Spotlight on Statistics

March 2013

BLS Spotlight on Statistics: Productivity

Labor productivity, defined as output per hour of labor, is a measure of how efficiently labor is used in the production of goods and services. There are many possible factors affecting labor productivity growth, including changes in technology, capital investment, capacity utilization, use of inputs such as purchased services and contract labor, improved managerial skills or organization of production, and improved skills of the work force. Other factors, including increased globalization, offshoring of production, and domestic outsourcing, are also reflected in the productivity gains in some industries.

In this Spotlight, we examine BLS labor productivity trends from 2000 through 2010 for selected industries and sectors within the nonfarm business sector of the U.S. economy. These industry and sector trends provide insight into underlying shifts within the U.S. economy and the sources of overall productivity growth.
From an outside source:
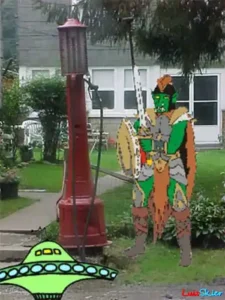 ... pero que polla. <Les da dos vueltas al cuello y se la cuelgan de la oreja.Tomé esta foto en Pensilvania (EE. UU.). En el jardín de la casa tenían el surtidor como elemento decorativo (el extraterrestre lo puse después).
Here are some facts about labor productivity:

  • Labor productivity rose for most industries during the first decade of the millennium. The growth was fueled by the expansion of information technology.
  • From 2000 to 2007, productivity growth averaged between 0 and 4 percent per year in most of the industries studied. During the recessionary period from 2007 to 2009, productivity declined in over half of the industries studied. Subsequently, many industries recorded very large increases in productivity from 2009 to 2010, the first year of the recovery.
  • Industries that were major producers, sellers, or users of information technology equipment were among the industries with the fastest productivity growth between 2000 and 2010.
  • For some industries, including wireless telecommunications carriers and computer and peripheral equipment manufacturing, strong productivity growth accompanied rapid output increases over the period. In other industries, such as photofinishing and video tape and disc rental stores, productivity rose despite reductions in output because labor hours were reduced even more.
  • Increases in labor productivity mitigate the impact of rising hourly compensation facing employers. Increases in labor productivity may also lead to increases in worker compensation. Most of the industries examined posted increases in labor productivity and real hourly compensation from 2000 to 2010.
  • Productivity grew most rapidly in the information sector, while the manufacturing, retail trade, and wholesale trade sectors also had notable productivity increases. Productivity declined slightly in other services and more rapidly in the mining sector.